Let me know how big things are on your end when you get the chance.

Greg Clayton

Ok, run the commands on your main executable that looks at all .o files and let me know what sizes it comes up with. I am guessing you probably can't file a bug and attach your executable and .o files? (no source would be needed). If I can reproduce the issue, I can fix it.

Greg Clayton

Here are the 3 outputs:
1. dwarfdump --file-stats
2. dsymutil --verbose
3. dwarfdump -R

I couldn't generate fully generate the dSYM file, the usual error message
comes up. Still, I logged the dwarfdump -R output.
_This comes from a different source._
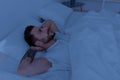 Sleep problems, insomnia and bad thoughts. Young thoughtful man lying in bed, looking at ceiling and thinking Royalty Free Stock Photo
From the numbers I think we're way over that 4 GB limit...

Best,

Ákos

Dumps.zip (188 KB)

Just a faint idea, but would it be possible to trick the linker into
producing the output file (so that we wouldn't have a post-process)? It
parses the object files anyway.

Also, I think compiling dsymutil with llvm would give it a slight speed
boost (8-10% on our code base in general, hence my guess).

Best,

Ákos

One more thing: the .o files for the main executable only are nearly 8 GBs
in size; am I allowed to upload such amount to radar?

Best,

Ákos

No, I know why things are failing: we are hitting the limits of the mach-o file format. There isn't anything we can do other than try the:

-flimit-debuginfo

compiler flag. Add this to your builds (if you are using clang or llvm-gcc) and let me know how things work??

Greg

Make that

-flimit-debug-info

Here are the new dumps; this time dsymutil ran without any error. The dSYM
file is 2.23 GBs though...

Ákos

Dumps ((limit-debug-info).zip (187 KB)